Jim Drucker’s life has a simple focus: God and country.

At 82, one might say he practices what he preaches.

That’s because Drucker — an accomplished radio personality, songwriter, music promoter, producer and publisher, is also an ordained priest in the Byzantine Rite of the Catholic Church.

Officially, the Rev. James N. Drucker is also a chaplain who’s retired from the U.S. Air Force Reserve, and holds a captain’s rank.

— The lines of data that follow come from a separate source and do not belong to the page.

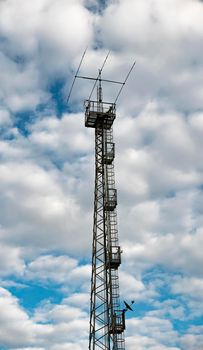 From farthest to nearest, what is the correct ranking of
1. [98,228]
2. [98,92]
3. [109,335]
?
[98,92] → [98,228] → [109,335]

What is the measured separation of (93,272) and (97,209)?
25.2 ft

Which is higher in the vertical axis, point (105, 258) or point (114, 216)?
point (114, 216)

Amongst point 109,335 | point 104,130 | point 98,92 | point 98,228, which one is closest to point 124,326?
point 109,335

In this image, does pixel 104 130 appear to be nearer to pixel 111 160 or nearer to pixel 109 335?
pixel 111 160

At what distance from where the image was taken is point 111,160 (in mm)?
70812

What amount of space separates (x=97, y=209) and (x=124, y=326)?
14390mm

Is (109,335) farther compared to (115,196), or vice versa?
(115,196)

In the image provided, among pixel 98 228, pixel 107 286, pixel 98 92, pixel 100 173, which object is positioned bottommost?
pixel 107 286

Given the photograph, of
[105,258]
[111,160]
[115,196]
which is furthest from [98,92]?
[105,258]

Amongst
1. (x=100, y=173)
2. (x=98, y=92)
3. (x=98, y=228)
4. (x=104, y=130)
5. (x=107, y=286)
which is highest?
(x=98, y=92)

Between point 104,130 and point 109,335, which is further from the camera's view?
point 104,130

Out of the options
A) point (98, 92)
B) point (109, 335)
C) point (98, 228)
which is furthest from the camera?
point (98, 92)

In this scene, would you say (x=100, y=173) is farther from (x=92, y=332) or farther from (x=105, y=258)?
(x=92, y=332)

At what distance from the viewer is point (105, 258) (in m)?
65.9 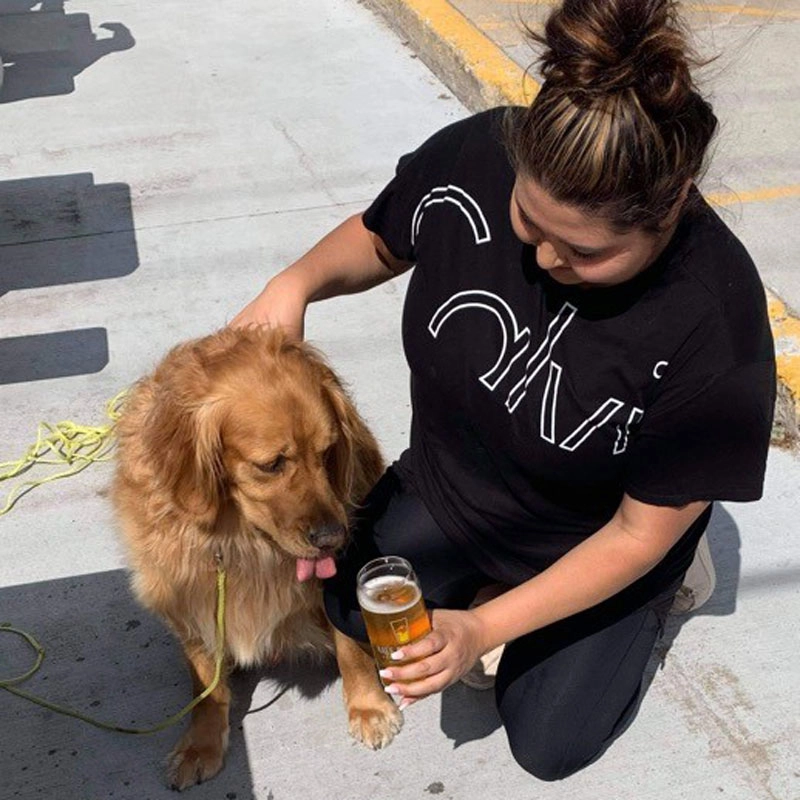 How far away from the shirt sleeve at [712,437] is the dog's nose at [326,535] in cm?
71

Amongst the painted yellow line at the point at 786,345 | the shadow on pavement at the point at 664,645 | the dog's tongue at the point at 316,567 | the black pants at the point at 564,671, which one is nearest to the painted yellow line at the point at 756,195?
the painted yellow line at the point at 786,345

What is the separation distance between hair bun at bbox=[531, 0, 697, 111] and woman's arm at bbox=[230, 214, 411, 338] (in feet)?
3.34

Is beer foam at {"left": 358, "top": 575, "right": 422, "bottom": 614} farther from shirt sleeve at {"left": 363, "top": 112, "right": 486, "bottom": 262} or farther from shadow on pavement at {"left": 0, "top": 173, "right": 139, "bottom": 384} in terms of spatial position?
shadow on pavement at {"left": 0, "top": 173, "right": 139, "bottom": 384}

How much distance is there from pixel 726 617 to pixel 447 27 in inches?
190

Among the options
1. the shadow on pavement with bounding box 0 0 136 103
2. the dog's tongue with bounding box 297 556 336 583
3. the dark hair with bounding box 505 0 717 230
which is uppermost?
the dark hair with bounding box 505 0 717 230

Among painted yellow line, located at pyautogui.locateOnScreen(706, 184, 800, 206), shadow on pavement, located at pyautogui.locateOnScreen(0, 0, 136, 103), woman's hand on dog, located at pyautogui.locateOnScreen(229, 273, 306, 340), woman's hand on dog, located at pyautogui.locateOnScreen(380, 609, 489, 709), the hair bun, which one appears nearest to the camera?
the hair bun

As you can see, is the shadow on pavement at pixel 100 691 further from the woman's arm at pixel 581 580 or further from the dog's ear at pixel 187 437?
the woman's arm at pixel 581 580

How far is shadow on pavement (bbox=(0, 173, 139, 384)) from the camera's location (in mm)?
4676

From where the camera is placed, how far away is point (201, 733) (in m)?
3.07

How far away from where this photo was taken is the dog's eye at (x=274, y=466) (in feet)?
9.01

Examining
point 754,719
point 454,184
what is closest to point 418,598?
point 454,184

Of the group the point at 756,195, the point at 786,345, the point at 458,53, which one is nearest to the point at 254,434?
the point at 786,345

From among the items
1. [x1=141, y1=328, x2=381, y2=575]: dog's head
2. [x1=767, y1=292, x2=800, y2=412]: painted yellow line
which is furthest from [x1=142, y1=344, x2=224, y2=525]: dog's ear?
[x1=767, y1=292, x2=800, y2=412]: painted yellow line

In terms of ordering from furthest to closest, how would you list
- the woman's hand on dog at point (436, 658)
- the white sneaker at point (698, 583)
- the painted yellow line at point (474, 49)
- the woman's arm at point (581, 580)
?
the painted yellow line at point (474, 49), the white sneaker at point (698, 583), the woman's arm at point (581, 580), the woman's hand on dog at point (436, 658) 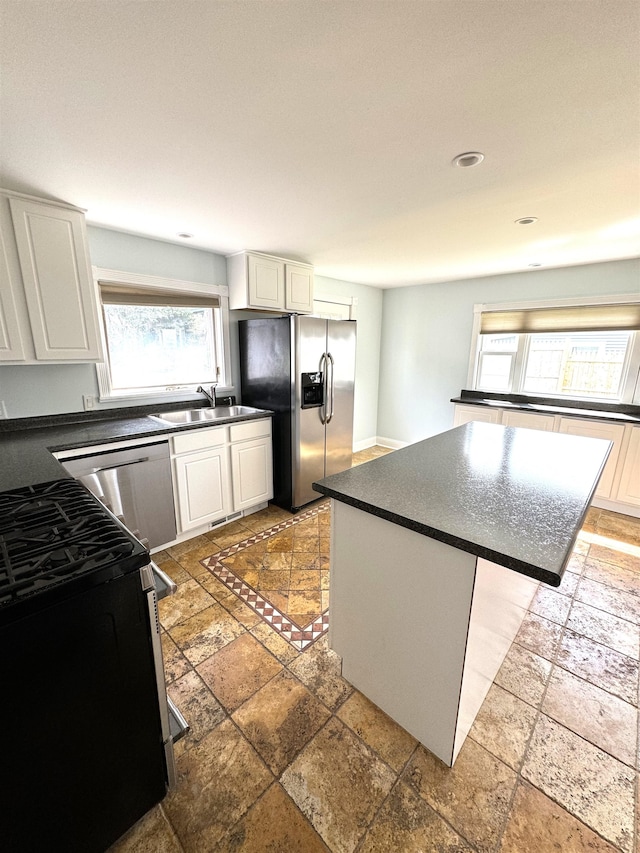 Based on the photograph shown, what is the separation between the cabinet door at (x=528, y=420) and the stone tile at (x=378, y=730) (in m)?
3.15

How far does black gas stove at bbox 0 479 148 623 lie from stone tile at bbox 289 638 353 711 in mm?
1125

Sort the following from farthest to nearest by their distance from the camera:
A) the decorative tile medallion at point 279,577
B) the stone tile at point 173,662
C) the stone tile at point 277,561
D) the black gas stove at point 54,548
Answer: the stone tile at point 277,561
the decorative tile medallion at point 279,577
the stone tile at point 173,662
the black gas stove at point 54,548

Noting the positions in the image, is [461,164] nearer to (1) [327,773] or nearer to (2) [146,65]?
(2) [146,65]

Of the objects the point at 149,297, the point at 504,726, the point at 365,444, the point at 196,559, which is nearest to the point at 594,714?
the point at 504,726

Over the years, he’s combined his skills as a journalist, communicator and clergyman while living, advocating and promoting the cause of his fellow veterans — a devotion that continues today.

Roots in region

Born in 1942 in Hazleton, a months-old Drucker and his siblings moved to Philadelphia, where his mother relocated after his father’s death.

His military connection started early.

An older brother, Joseph, left for World War II when Drucker was less than a year old. Joseph died in 1945 while serving his country.

More than 40 years later, Drucker visited Joseph’s grave site at Cambridge Cemetery for Deceased Americans in England, offering Mass in 1985 for veterans who died in the war, and personally for the brother he saw only in photographs but never really knew.

Drucker walked the tarmac at Great Ashfield Air Base where Joseph was stationed, and buried his crucifix lapel pin at his brother’s grave marker.

“It’s a memory I’ll treasure forever,” Drucker said.

Two other brothers also served. Paul, the second eldest, did two tours in the U.S. Navy in WWII.

“He had one submarine blown up, and he lived,” Drucker recalls. “And he saved many lives because he could swim like a fish.”

A younger brother, Louis, later served in the U.S. Army as a Morse code interceptor working with security personnel.

Growing up in Philadelphia’s Kensington-Allegheny neighborhood, Drucker attended Edison High School, which would eventually become the high school with the largest death toll of any in the Vietnam War era. Some of his schoolmates were among the 64 who lost their lives.

Drucker’s family, though, moved back to the coal region, and he graduated from West Hazleton High School in 1960.

Service, education

He returned to Philadelphia and began his military service when he joined the Army Reserve.

“I was trained more as a combat soldier than combat soldiers I knew who were in combat,” he said of his specialized training at Fort Jackson in South Carolina.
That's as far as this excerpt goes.